Amnesty hits out at legal aid cuts in new research report
Amnesty International, the human rights charity, published the results of its research on the impact of the legal aid cuts last month. The report, Cuts that hurt: the impact of legal aid cuts in England on access to justice, states that the changes imposed by the Legal Aid, Sentencing and Punishment of Offenders Act 2012 (LASPO) have led to a two-tier civil justice system that is ‘open to those who can afford it, but, increasingly closed to the poorest, most vulnerable and most in need of its protection’ (page 3). It focuses primarily on the civil legal aid cuts in three areas – family, immigration and welfare benefits – and documents their impact on a number of specific vulnerable groups including children, migrants and refugees, and people with ‘additional vulnerabilities’ such as mental health problems and other disabilities.

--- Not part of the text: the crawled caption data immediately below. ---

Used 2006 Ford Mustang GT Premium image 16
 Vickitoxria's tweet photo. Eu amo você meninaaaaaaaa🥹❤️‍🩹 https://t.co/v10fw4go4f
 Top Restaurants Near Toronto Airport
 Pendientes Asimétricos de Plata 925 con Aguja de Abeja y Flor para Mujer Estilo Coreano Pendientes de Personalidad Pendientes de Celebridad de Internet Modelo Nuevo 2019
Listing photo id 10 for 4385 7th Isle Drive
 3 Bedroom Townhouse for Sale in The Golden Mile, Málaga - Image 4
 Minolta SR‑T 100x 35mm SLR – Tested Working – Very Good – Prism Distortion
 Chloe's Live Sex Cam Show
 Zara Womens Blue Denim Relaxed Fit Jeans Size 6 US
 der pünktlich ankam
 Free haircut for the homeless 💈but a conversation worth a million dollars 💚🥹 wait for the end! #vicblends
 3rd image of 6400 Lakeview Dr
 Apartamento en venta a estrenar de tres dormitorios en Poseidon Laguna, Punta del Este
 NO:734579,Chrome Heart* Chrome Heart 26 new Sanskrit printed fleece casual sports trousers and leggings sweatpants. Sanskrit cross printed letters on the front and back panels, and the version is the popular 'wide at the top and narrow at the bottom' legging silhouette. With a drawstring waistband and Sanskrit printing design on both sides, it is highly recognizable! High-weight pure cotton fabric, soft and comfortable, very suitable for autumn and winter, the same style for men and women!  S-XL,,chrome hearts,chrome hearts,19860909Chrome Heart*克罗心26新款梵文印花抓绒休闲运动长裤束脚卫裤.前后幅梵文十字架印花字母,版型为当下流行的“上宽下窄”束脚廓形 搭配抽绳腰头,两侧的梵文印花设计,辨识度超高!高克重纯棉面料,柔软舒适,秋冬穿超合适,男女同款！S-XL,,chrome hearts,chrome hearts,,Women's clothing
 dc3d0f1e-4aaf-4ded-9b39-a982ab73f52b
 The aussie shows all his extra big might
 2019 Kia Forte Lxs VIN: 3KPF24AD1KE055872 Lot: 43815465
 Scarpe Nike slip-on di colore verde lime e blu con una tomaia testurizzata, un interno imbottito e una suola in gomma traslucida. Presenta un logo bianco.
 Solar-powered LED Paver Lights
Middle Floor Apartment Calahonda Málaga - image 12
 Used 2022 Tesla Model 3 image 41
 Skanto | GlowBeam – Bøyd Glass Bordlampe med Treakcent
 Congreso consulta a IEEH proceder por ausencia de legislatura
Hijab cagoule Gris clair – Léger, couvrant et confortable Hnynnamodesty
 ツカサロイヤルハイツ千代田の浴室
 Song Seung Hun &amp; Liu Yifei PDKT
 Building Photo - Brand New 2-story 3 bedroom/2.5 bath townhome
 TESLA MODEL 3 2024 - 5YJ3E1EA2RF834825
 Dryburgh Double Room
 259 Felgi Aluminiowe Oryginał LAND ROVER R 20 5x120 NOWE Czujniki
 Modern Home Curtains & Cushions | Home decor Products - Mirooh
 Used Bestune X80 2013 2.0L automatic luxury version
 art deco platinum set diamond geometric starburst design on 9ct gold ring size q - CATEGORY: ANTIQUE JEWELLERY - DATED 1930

In its conclusions, the report calls on the UK government to immediately review LASPO’s impact on access to justice and the protection of human rights, and to ensure better provision for public legal education. The main recommendations outlined in the report are:
•ensure that children and vulnerable young people are entitled to legal aid, regardless of the legal issue at stake;
•children and families without sufficient means should be able to obtain legal advice, and where litigation is contemplated, legal representation, free of charge where a child’s best interests are engaged;
•restore initial legal advice for private family law cases;
•restore welfare benefits advice funding;
•restore legal aid to all immigration cases where arguable human rights concerns are raised;
•facilitate the provision of meaningful legal information and effective advice for individuals detained under immigration powers;
•ensure that family reunification cases are entitled to legal aid;
•abandon the residence test;
•overhaul the exceptional case funding system to make it more accessible to the public, with advice on entitlement and help making an application;
•work with non-governmental organisations to ensure that those affected by all forms of domestic violence are able to get legal aid in private family law cases; and
•ensure that victims of trafficking are able to exercise their right to seek reparations and hold to account those who have exploited them.
■ Also last month, the TUC published a report calling on the government to conduct an immediate investigation into the impact of budget cuts on access to justice. Justice denied: impacts of the government’s reforms to legal aid and court services on access to justice argues that the cuts to civil legal aid have had a ‘devastating’ impact on access to justice for many vulnerable people.